Se o professor de literatura não for capaz de estabelecer um vínculo entre aluno, obra e autor, as aulas, acreditem, serão medíocres e desestimulantes.

Antonio José Fontinele


Aula de Literatura: enquanto alheamento do espírito, reflexão.

Antes de começar a digitar, vieram-me à lembrança grandes escritores que convivem comigo desde o dia em que descobri na leitura a mais perfeita de todas as fugas. Compreendam: ler é ao mesmo tempo abandonar a mediocridade de todas as coisas e sentir na pele e na alma o quão medíocre somos os homens. E não poderia deixar de ser assim. Uma crônica literária. Metalinguagem pura. Intertextualidade do princípio ao fim.

Minha primeira (intensa) experiência literária aconteceu por volta dos doze anos de idade. Epifania. A biblioteca do SESC era o meu passeio de todos os dias. Assis Brasil. Fontes Ibiapina. Graciliano Ramos. Carlos Drummond de Andrade. Gabriel Garcia Marques. Mário Vargas Losa. O Inconfundível Machado de Assis. Devo a eles a minha paixão pela palavra e a minha embriaguez (ah, estados alterados de consciência!). Devo a eles personagens, enredos e versos que fizeram de mim professor de literatura. A minha missão: divulgá-los. A minha missão: desmitificá-los. A minha missão: arrancar a máscara de velhos chatos imposta por professores velhos e chatos (quanta crueldade com os meus escritores!). A minha missão: fazer do cotidiano instrumento de compreensão da realidade. Mimese.

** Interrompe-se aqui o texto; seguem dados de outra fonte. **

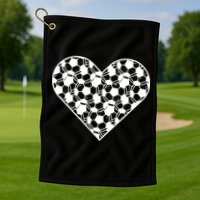 Heart Soccer Lover Golf Towel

Não importa onde moro. Não importa quem eu (penso que) sou. Quantos Romeus não estarão assistindo às minhas aulas. Quantas Capitus não estarão agora mesmo lendo este desabafo. Quantos Riobaldos não estarão confusos porque não compreendem ou aceitam sentimentos tão profundos. Quantas frustrações ou conquistas não se confundem no instante em que uma página é vencida. Catarse.

Professor, o que quer dizer epifania? Leia Clarice Lispector.

E Mimese, significa o quê? Aristóteles.

Catarse já é molecagem, professor. Satisfação.

Edgar Allan Poe, em suas Histórias Extraordinárias, conta-nos a aventura de um homem que sofria de catalepsia (caracterizada por extrema rigidez muscular). Ou seja, o indivíduo ao desmaiar mais parece que morreu. Ora, se no conto de Poe, uma sepultura é metodicamente construída para que o homem não seja enterrado por engano, aqui mesmo em Parnaíba, litoral do Piauí, no bairro São José, o defunto sentou no caixão durante o velório. Dizem que não ficou um vivente. Nem os parentes do Lázaro. Já Fontes Ibiapina, em seu Palha de Arroz, nos apresenta a louca Genoveva (Peixe Podre). Casada com Pau de Fumo, a mulher enlouquece após a morte da filha. Disso eu sei. Mas não sei (eu que vivi no Bairro Nova Parnaíba) quem era de fato Tia Laura. Muito menos conheço a história do Papagaio do Cu Pelado. Por que este senhor usava algodões enfiados no nariz? Por que aquela mulher tão pequenina ficava irritada quando gritávamos Tia Laura, cadê o bode? E, finalmente, como desvendar os mistérios do Porto das Barcas sem ter lido Beira Rio, Beira Vida? Então. Então.